Entidades pedem suspensão de edital do MEC para compra de livros

Elas afirmam que as regras para seleção das obras não seguem critérios técnicos e ferem leis educacionais.

Rede Nacional de Bibliotecas Comunitárias - Divulgação/RNBC

Um grupo de 118 entidades assinou uma representação para que o TCU (Tribunal de Contas da União) e o MPF (Ministério Público Federal) suspendam edital do Ministério da Educação para a compra de livros didáticos para a educação infantil. Eles afirmam que as regras para seleção das obras não seguem critérios técnicos e ferem leis educacionais.

O edital publicado em 21 de maio prevê a compra de livros didáticos e literários para crianças da educação infantil (dos 0 aos 5 anos) matriculadas na rede pública, o que representa mais de 6,3 milhões de alunos. Por considerar que as regras contrariam a legislação vigente, as entidades dizem que há "iminente risco ao patrimônio público pela malversação dos recursos". A previsão do FNDE (Fundo Nacional de Desenvolvimento da Educação), responsável pela compra, é de que os livros cheguem às escolas em 2022.

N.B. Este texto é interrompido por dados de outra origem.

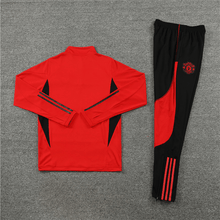 Chandal demi-zip Manchester United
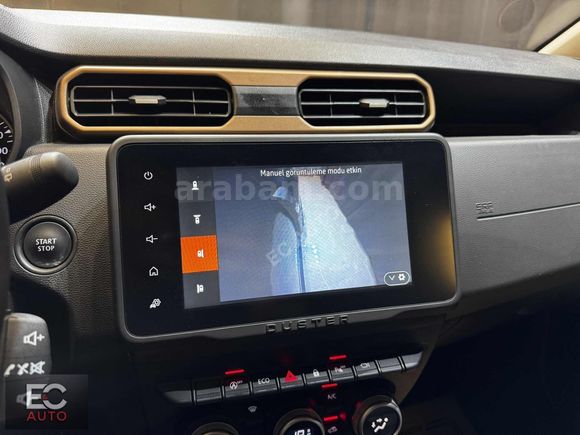 EC AUTO 2024 DACIA DUSTER HATASIZ BOYASIZ TRAMERSİZ 12 TKST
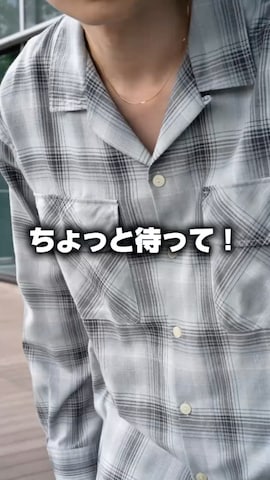 「BEAMS（ビームス）のアイテム」を使った、SUDOさん（メンズ・186cm）の夏コーディネート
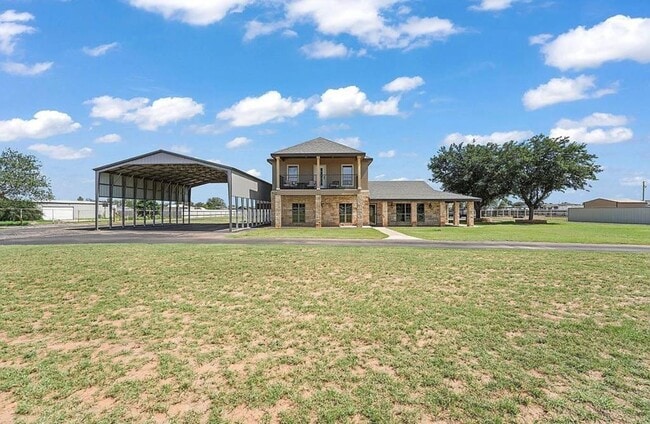 property at 5508 E County Rd 60
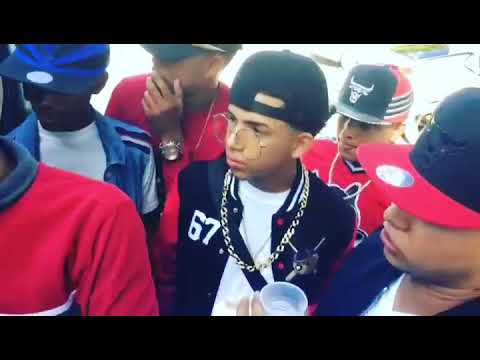 El Cherry Scom y piku vs El Mecadivo (batalla DE Freestyler)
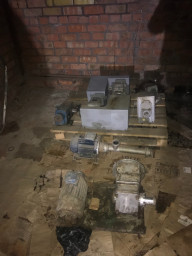 Насосы роторные В3-ОРА-10, ВЗ-ОРА-2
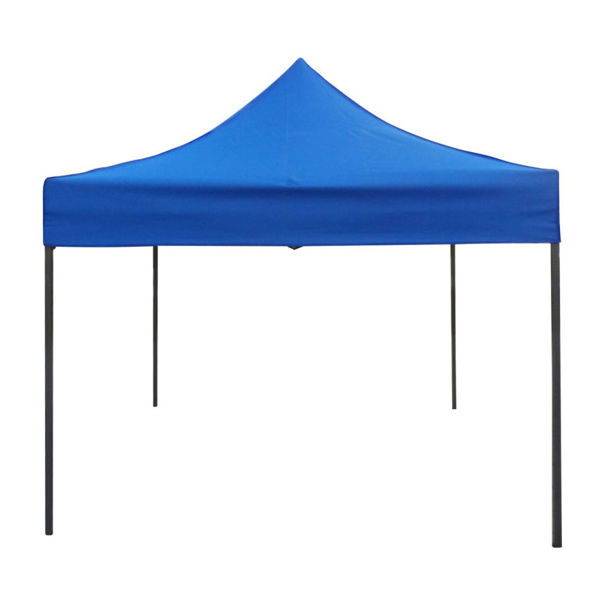 Imagen de Gazebo impermeable AZUL 3x3m, en caja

A representação feita pela Abalf (Associação Brasileira de Alfabetização) argumenta que a compra e adoção de livros didáticos para crianças da pré-escola (4 e 5 anos) fere os pressupostos da LDB (Lei de Diretrizes e Bases), das DCNEI (Diretrizes Curriculares Nacionais para a Educação Infantil) e da BNCC (Base Nacional Comum Curricular). "A adoção de livros didáticos reforça a lógica transmissiva de conteúdos escolares, mais detidamente aqueles relacionados à alfabetização e aos conhecimentos lógico-matemáticos, comprometendo a finalidade da educação infantil com o desenvolvimento integral das crianças", diz a representação.

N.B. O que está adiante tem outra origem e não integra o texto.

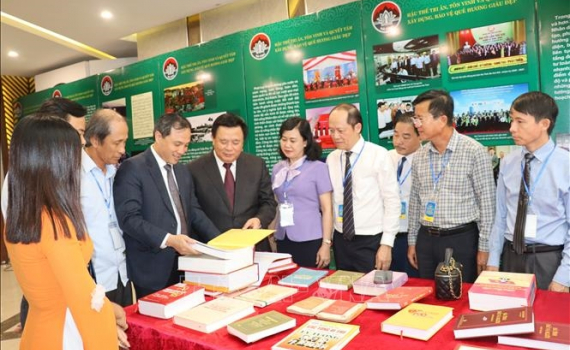 Tổng B&iacute; thư Trần Ph&uacute; - Chiến sĩ cộng sản ki&ecirc;n trung, bất khuất, người con ưu t&uacute; của d&acirc;n tộc Việt Nam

A legislação brasileira prevê que essa etapa da educação seja voltada ao desenvolvimento de aspectos físicos, afetivos, intelectuais, linguísticos e sociais das crianças. "Práticas educativas que empregam o livro didático não apenas restringem as experiências infantis, ao priorizarem os conteúdos disciplinares, como também retiram dos professores a autonomia", diz representação. As entidades também destacam que o edital restringe as obras que poderão ser selecionadas ao determinar que os livros terão que seguir metodologia de alfabetização baseada em evidências científicas, como as das áreas das ciências cognitivas. O método é defendido pela PNA (Política Nacional de Alfabetização), lançada no ano passado por Carlos Nadalim, secretário de Alfabetização do MEC.

A PNA do governo Bolsonaro prioriza o chamado método fônico (que se concentra a atenção na relação entre sons e letras). Defensores do método fônico argumentam que há evidências científicas robustas sobre sua eficácia. "Eles entendem que essa linha, baseada apenas na neurociência e neurolinguística, é a única que tem evidências científicas, desconsiderando as outras áreas que também têm evidências científicas para a alfabetização", disse Mônica Correa, diretora da Abalf.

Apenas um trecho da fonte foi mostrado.